Sinar matahari pagi masuk melalui jendela kamarnya dan menerangi sebuah pigura foto kecil di atas mejanya. Foto di dalamnya berisi foto 7 orang, termasuk Yoo Seonhwa dan adik perempuannya. Ketika ia melihatnya, senyum kecil merekah di bibir manis gadis muda itu.
Di situ ada juga Seol Ahjussi, yang kelihatan keras di luar namun sebenarnya sangat lembut dan perhatian; istri Seol, yang selalu memperhatikan Yoo Seonhwa seperti anaknya sendiri sampai-sampai selalu mengingatkan untuk makan tepat waktu.
Tidak hanya ada dua orang tersebut di foto itu. Ada juga anak laki-laki tertua dari pasutri tersebut, yaitu Seol Wooseok, yang kelihatan dingin dan kaku namun sebenarnya memiliki hati yang hangat; ada anak perempuan termuda mereka, Seol Jinhee, yang supel dan luwes dalam pergaulan; dan akhirnya…

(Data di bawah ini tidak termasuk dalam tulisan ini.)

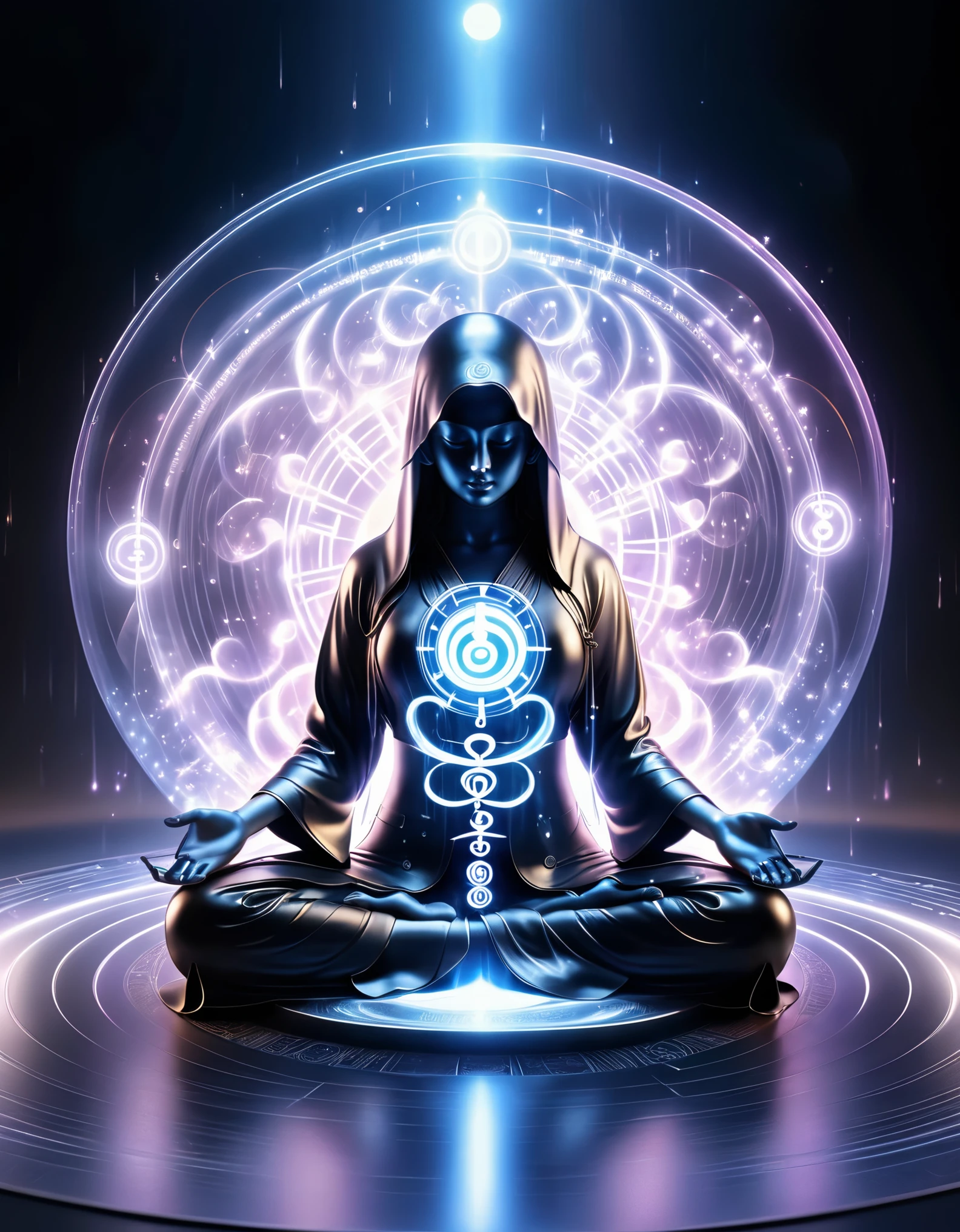 in style of Luminogram photography,r, beautiful detailed,magic circle,best quality,4k,8k,highres,masterpiece:1.2,ultra-detailed,realistic,acrylic style,tai chi, yin yang, eight trigrams,3d rendering,Transparent and extremely charming female Taoist priest meditating in yoga,Light and shadow photography,(background:An unusually large number of magical kanji spells are falling like a torrential rain),
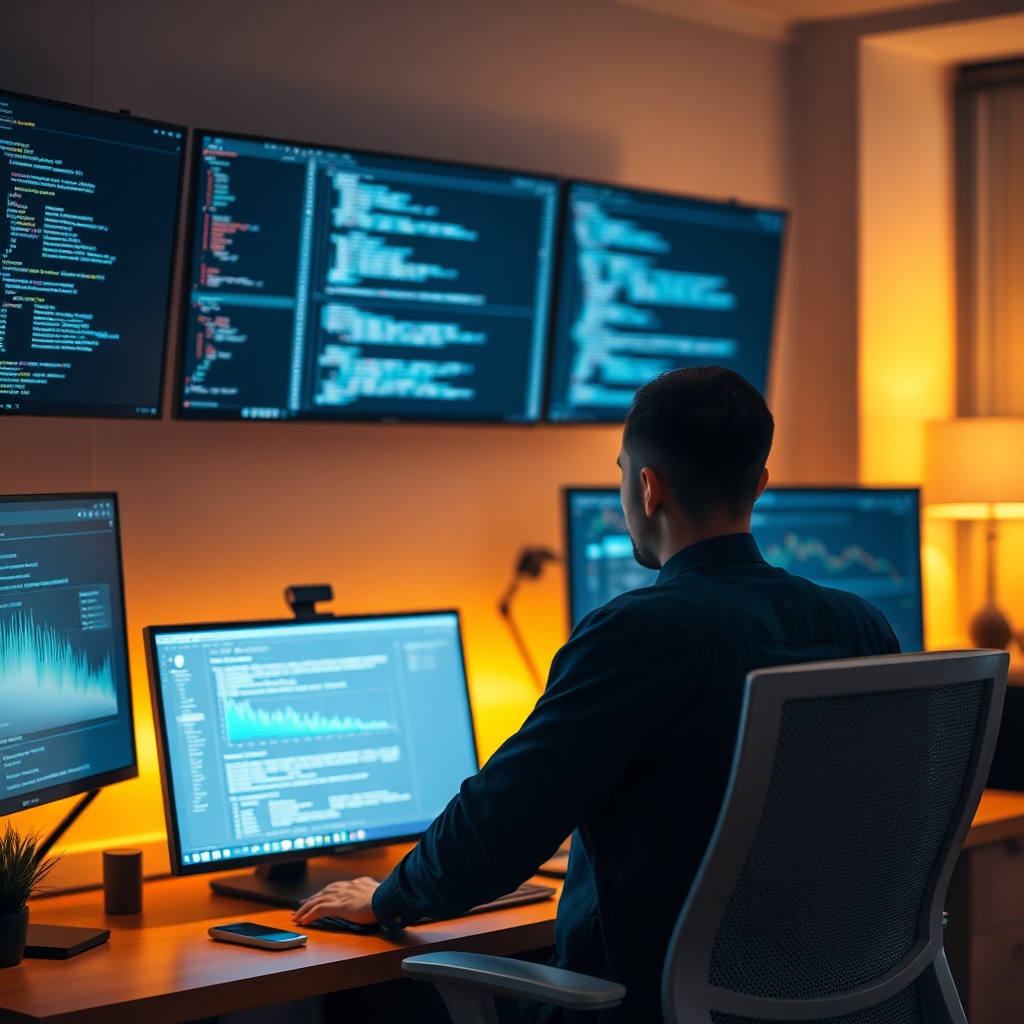 openai - a person sitting at a desk with multiple monitors displaying code and graphs, a clean modern workspace, ergonomic se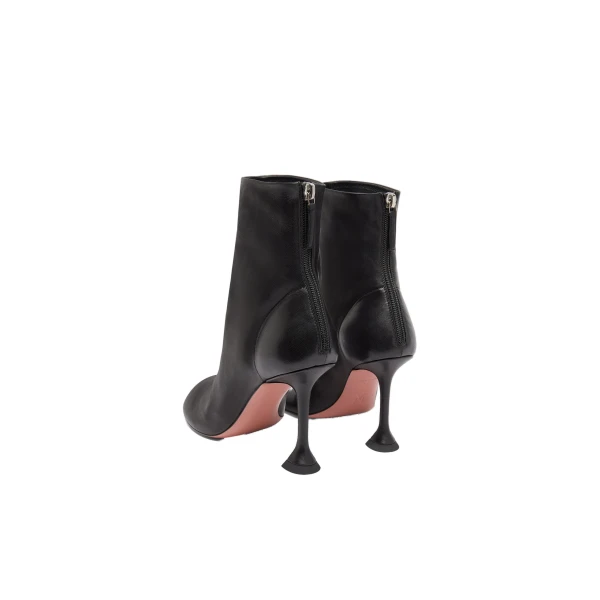 Amina Muaddi Iris Bootie 95 in Black Nappa, view 5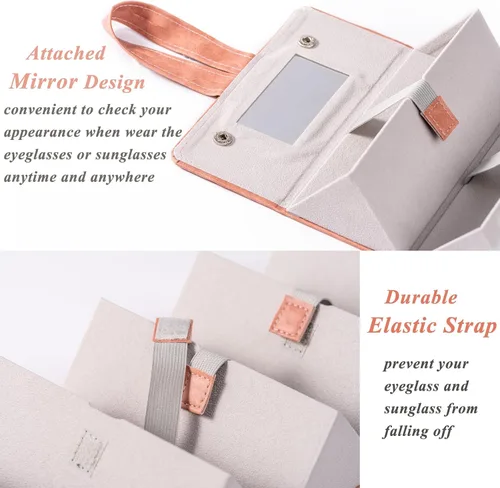 Vista 2 de Menoeceus Estuche organizador de lentes de sol, estuche de viaje para lentes de viaje, caja de almacenamiento de 5 ranuras para mujeres y hombres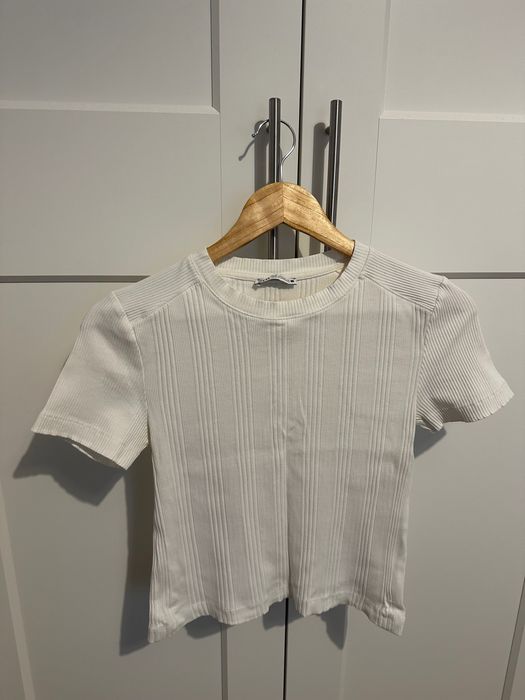 Tricou, Zara, M, alb, cu dungi, damă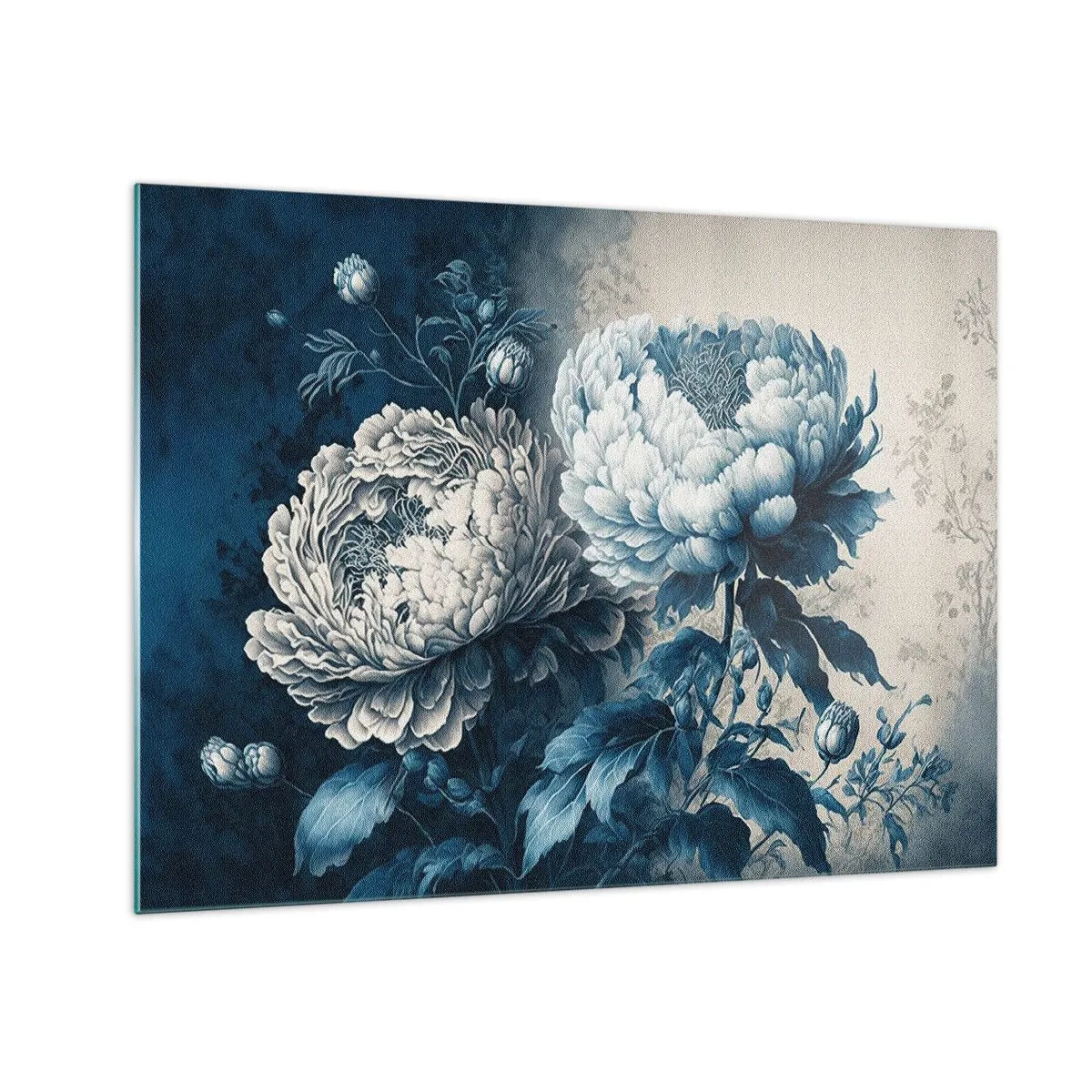 Obraz na skle - Dvoubarevné pivoňky v odstínech modré a béžové na vintage pozadí - 70x50cm - Shodný pár - Moderní nástěnná dekorace do obývacího pokoje a ložnice ARTTOR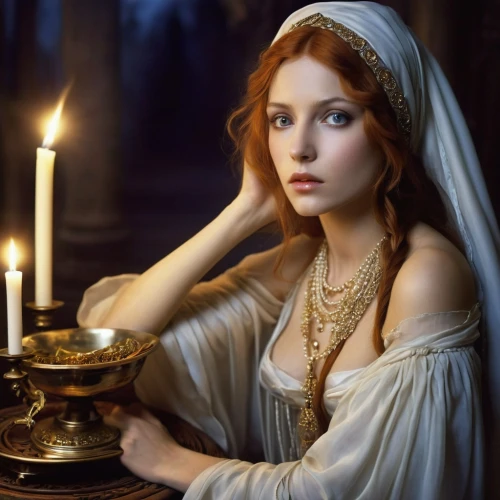 priestess,behenna,noblewoman,jeweller,lucrezia,romantic portrait,noblewomen,candlelit,golden candlestick,demelza,estess,victorian lady,ariadne,candlemas,celtic woman,isolde,guinevere,candelight,jingna,candlemaker,Illustration,Realistic Fantasy,Realistic Fantasy 14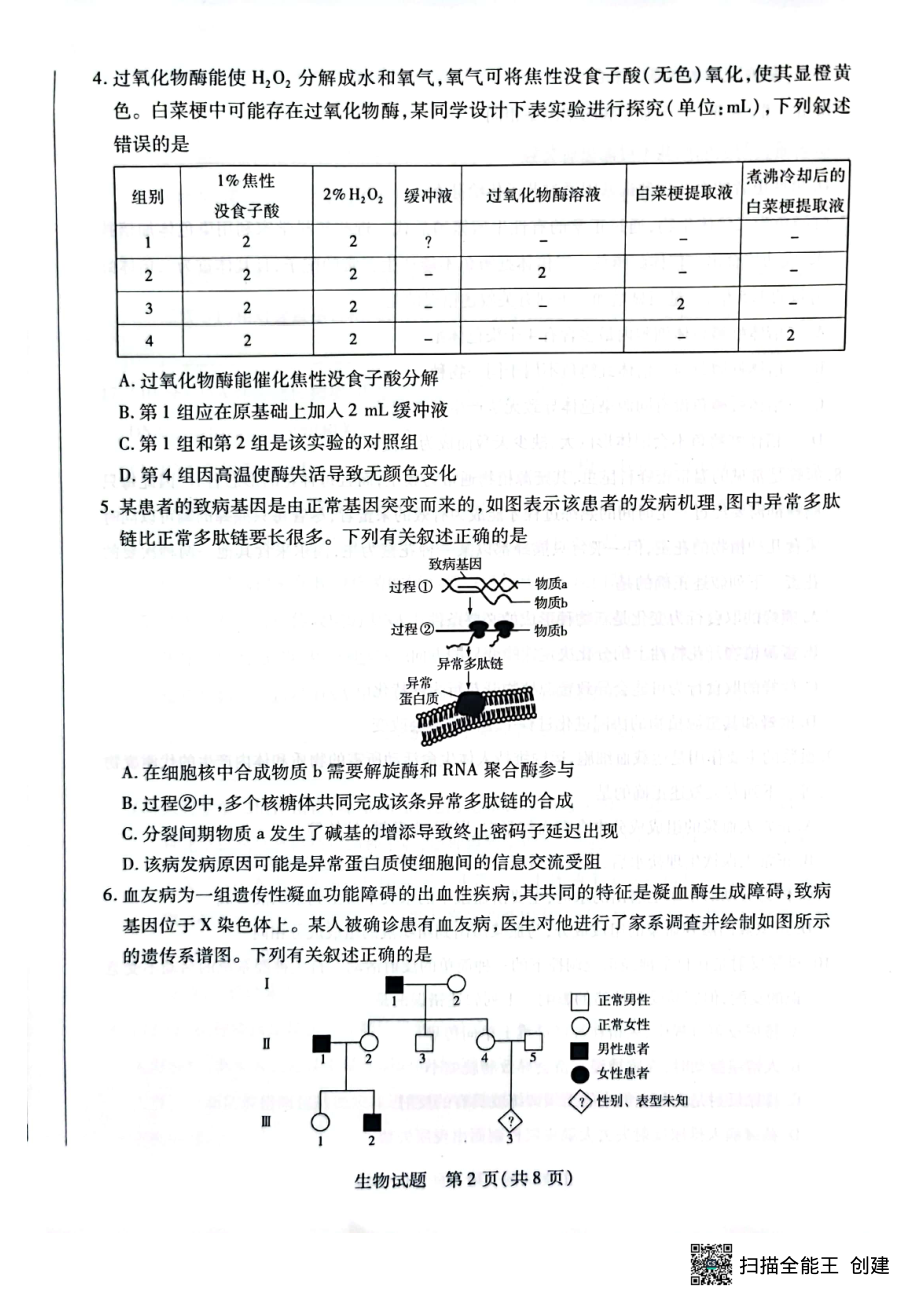 海南省2022-2023学年高三上学期期末学业水平诊断生物试题及答案.pdf_第2页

Ada seorang pemuda dengan senyum lembut di antara mereka berdua. Dan kemudian, foto dirinya, bersandar pada bahu pemuda itu dengan senyum cerahnya.
“…”
Memandang foto tersebut, kekhawatiran mulai nampak di wajah Yoo Seonhwa. Ketika ia mengecek handphonenya, mukanya menjadi makin suram.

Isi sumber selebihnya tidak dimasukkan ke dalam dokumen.